# WHAT THIS TASK INVOLVES
Go to the line that contains "[Sale] Hộp 10" in the records below and repeat it, and each line after it, exactly through the end, omitting pictures.

# RAW DATA

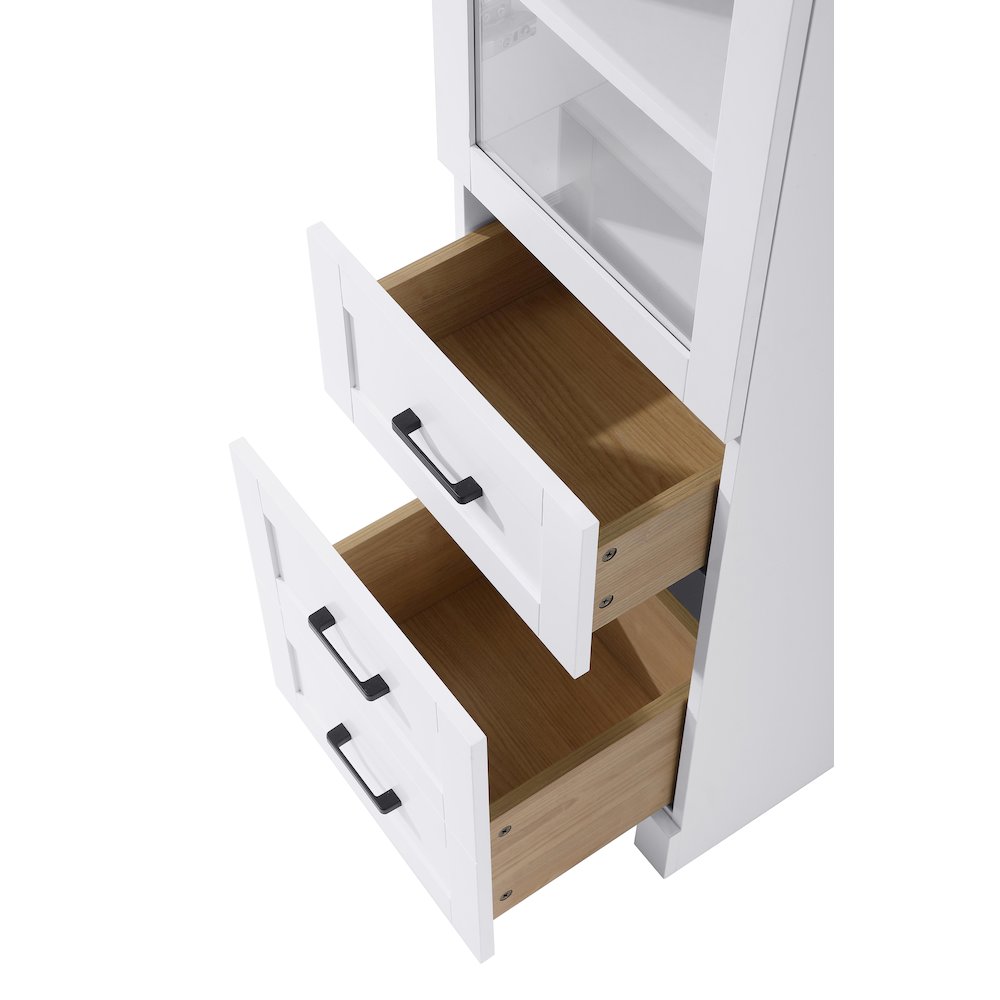 16 Inch Bath Storage Glass Cabinet  in White. Picture 5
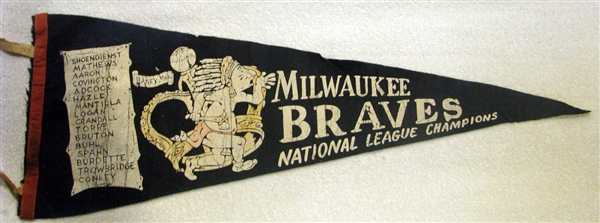 1957 MILWAUKEE BRAVES NATIONAL LEAGUE CHAMPIONS PENNANT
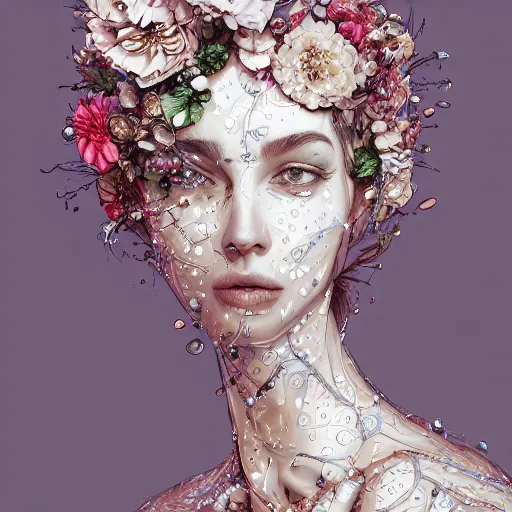 Image similar to the portrait of an absurdly beautiful, graceful, elegant, sophisticated, fashionable young woman made of strawberries and white petals with tears, an ultrafine hyperdetailed illustration by kim jung gi, irakli nadar, intricate linework, bright colors, octopath traveler, final fantasy, unreal engine 5 highly rendered, global illumination, radiant light, detailed and intricate environment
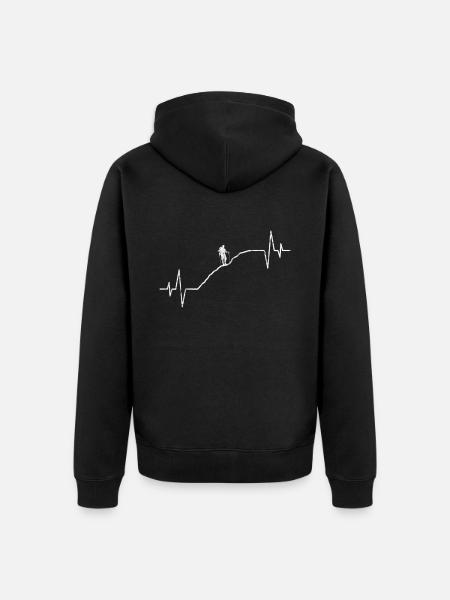 Randonnée Battement de cœur du randonneur - Veste à capuche bio Premium Unisexe - noir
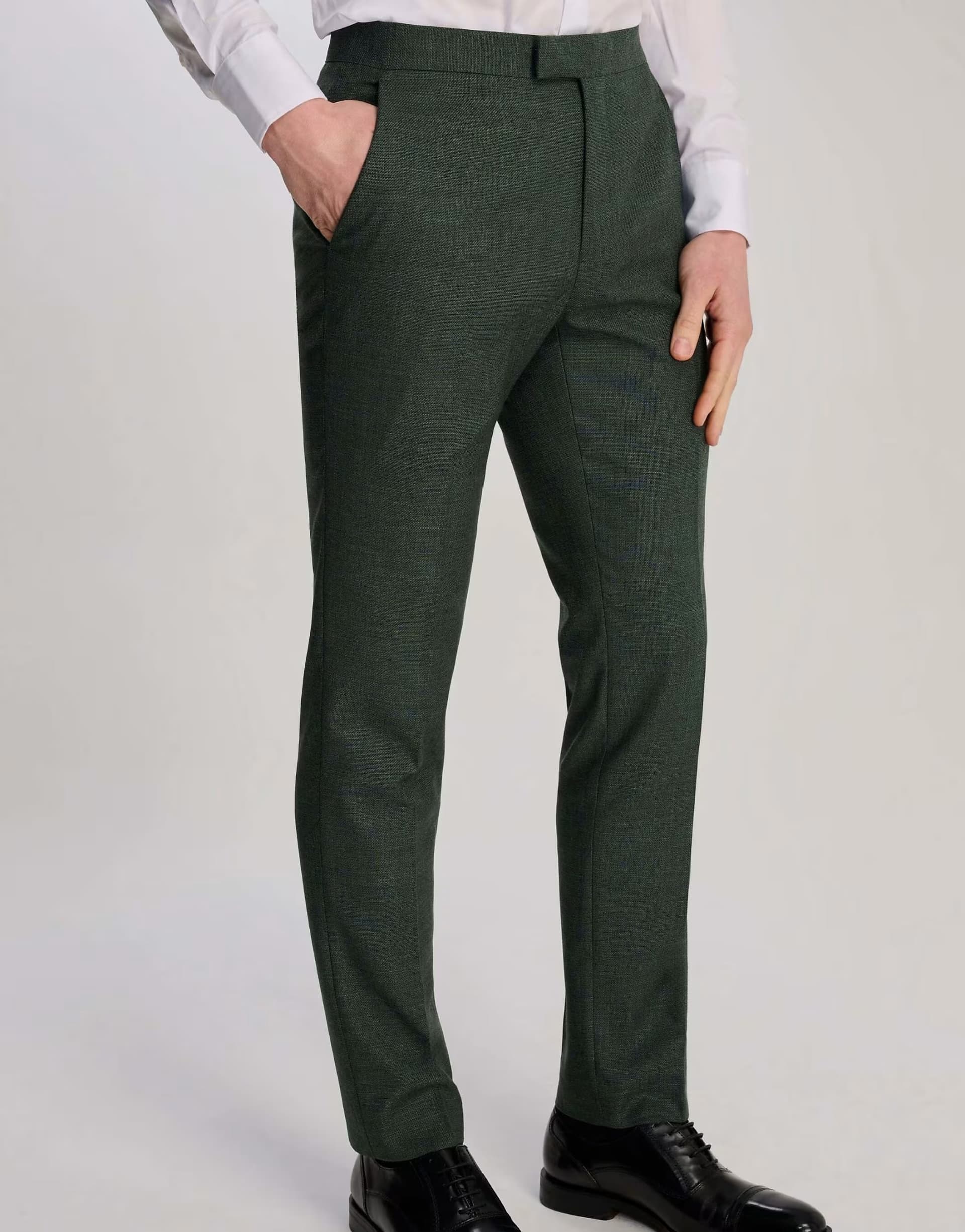 ASOS Harry Brown Sandro slim fit linen look suit trousers in green in green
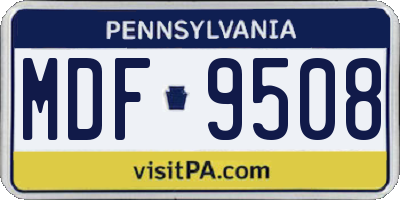 PA license plate MDF9508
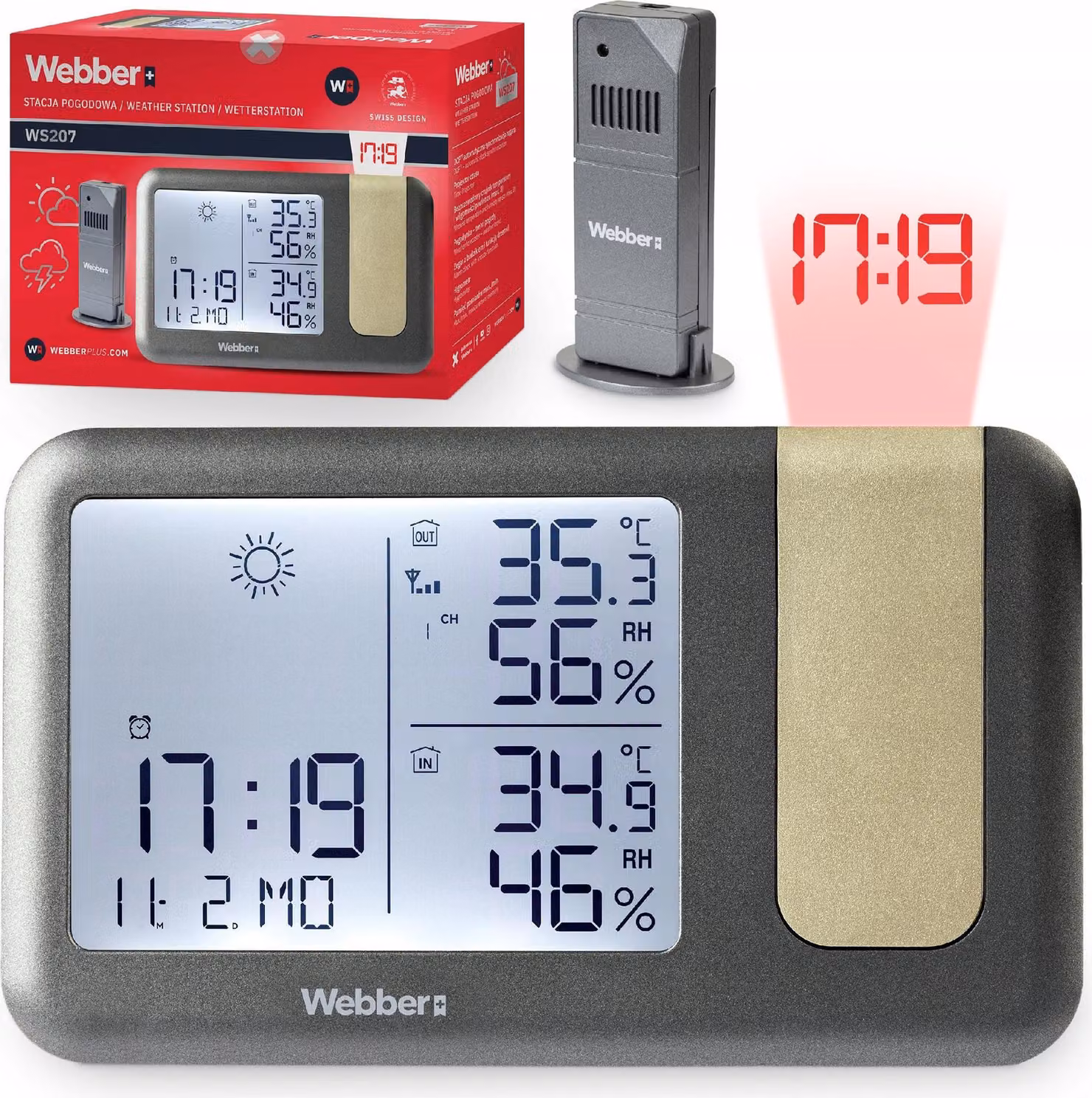 Stazione Meteo Con Dcf Meteo Webber Ws207 Display Meteo Proiettore Laser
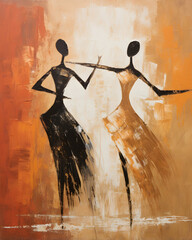 Abstract Ballet Girls Oil Painting On Canvas - Ballerina Dress Dancer Textured Hand Painted...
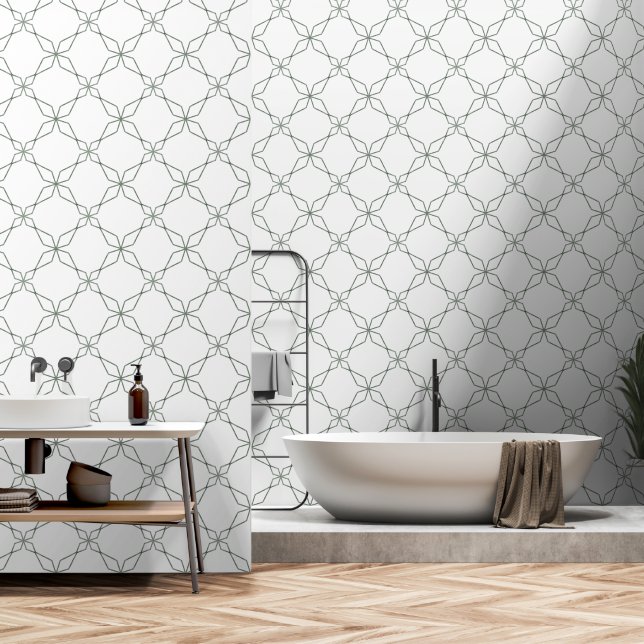 Eenvoudige Sage Groene Geometrische Diamant Behang (Badkamer)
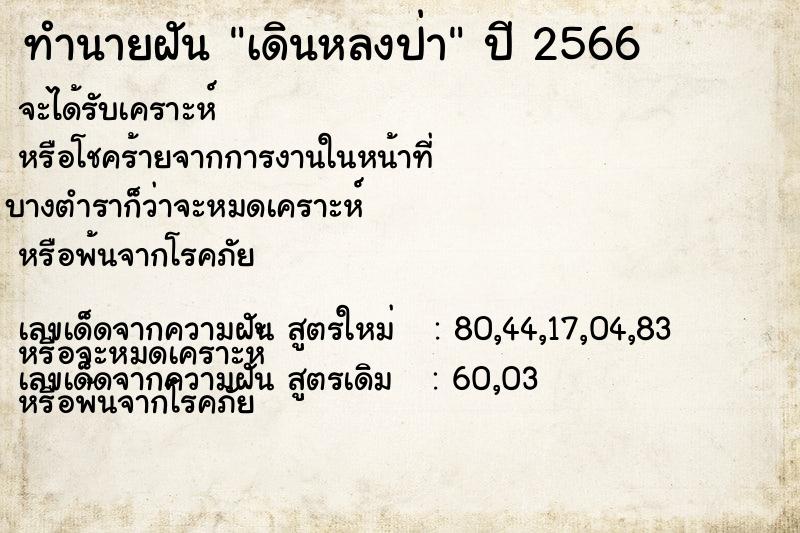 ทำนายฝัน เดินหลงป่า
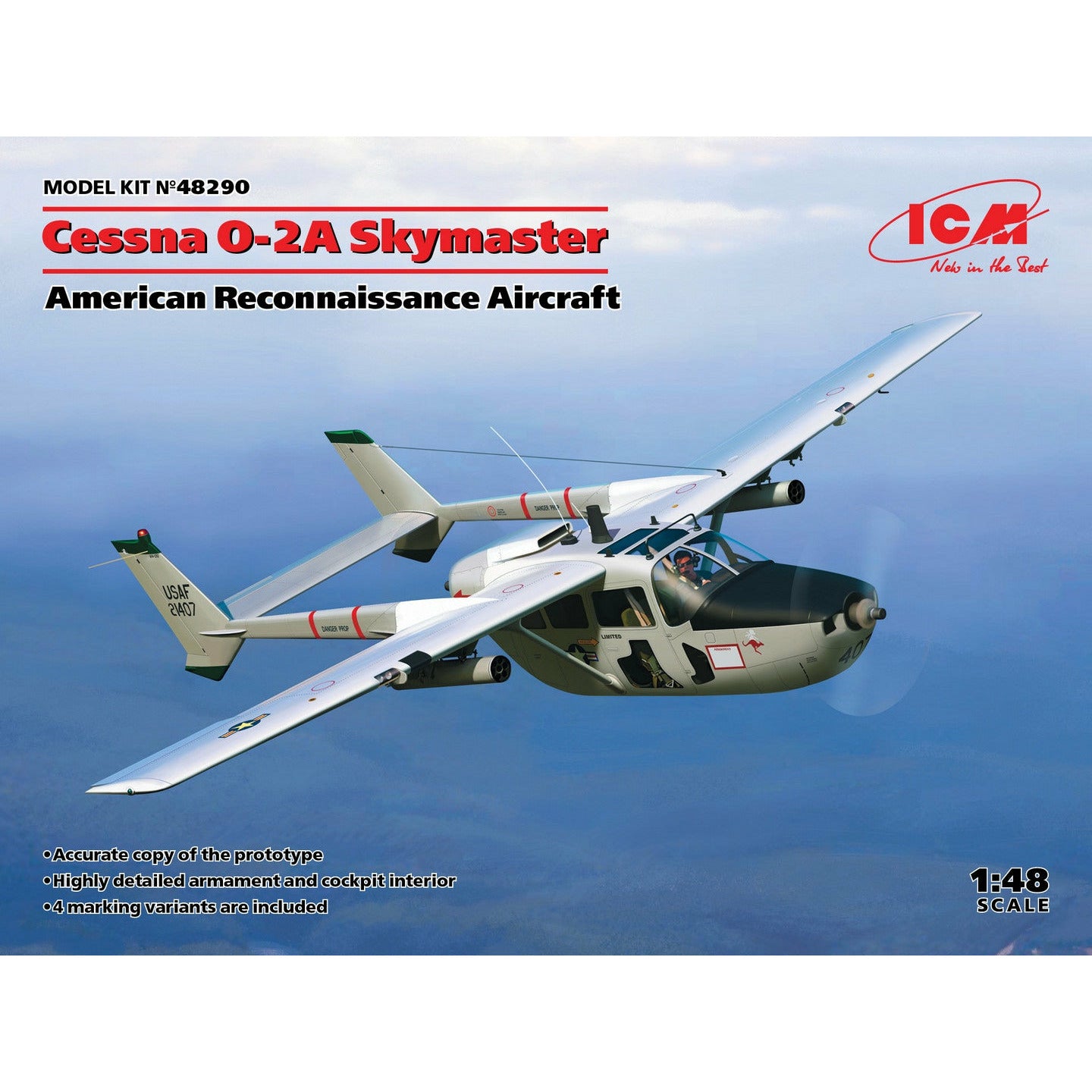 Cessna O-2A Skymaster, American Reconnaissance Aircraft, New Molds 1/48 #48290 by ICM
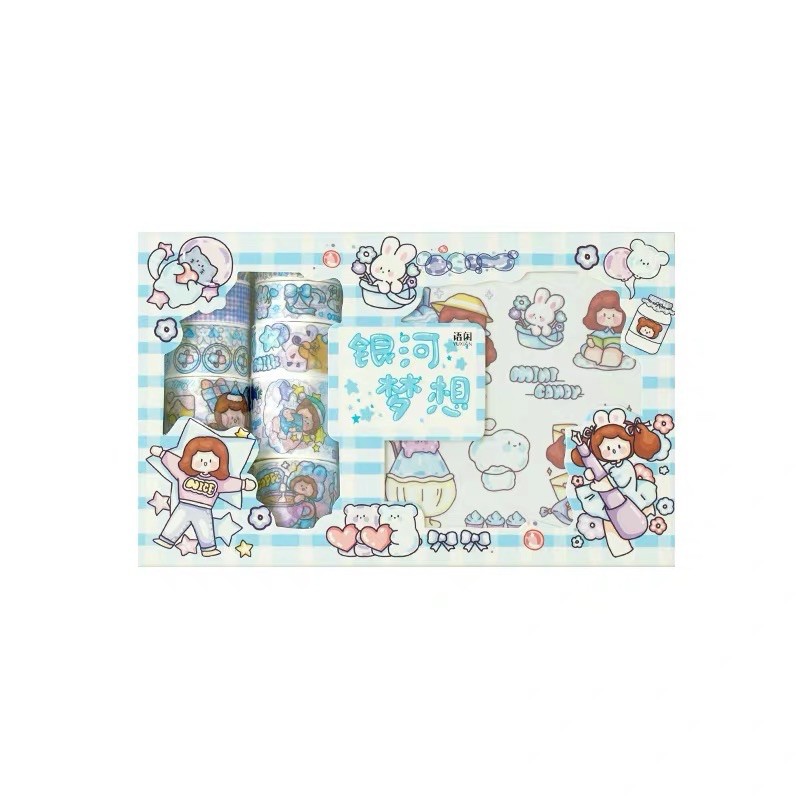[Sale] Hộp 10 cuộn washi tape x 10 tờ stickers bé gái dễ thương 4 tông màu DIY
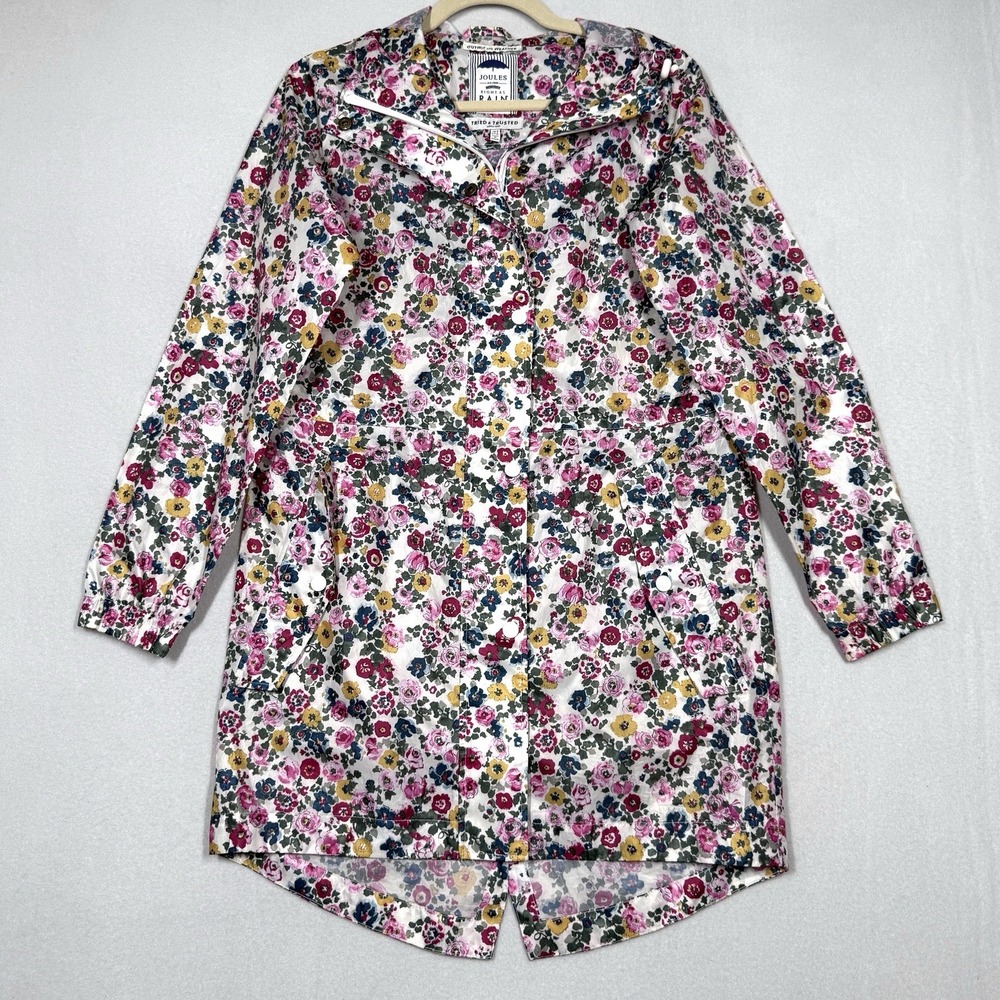 Joules Rain Jacket Womens 4 Right As‎ Rain Go Lightly Hooded Waterproof Floral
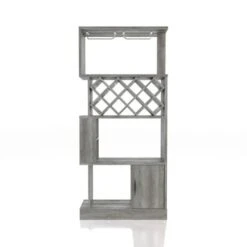 DH BASIC Contemporary Dual-Side Access Lattice 11-Bottle Wine Rack And Cabinet By Denhour - Vintage Grey Oak -Elegance Barware 927e6bdd a0bc 4f20 ad27 778c11aa88f9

# EXERCISE OUTPUT
[Sale] Hộp 10 cuộn washi tape x 10 tờ stickers bé gái dễ thương 4 tông màu DIY
 Joules Rain Jacket Womens 4 Right As‎ Rain Go Lightly Hooded Waterproof Floral
 DH BASIC Contemporary Dual-Side Access Lattice 11-Bottle Wine Rack And Cabinet By Denhour - Vintage Grey Oak -Elegance Barware 927e6bdd a0bc 4f20 ad27 778c11aa88f9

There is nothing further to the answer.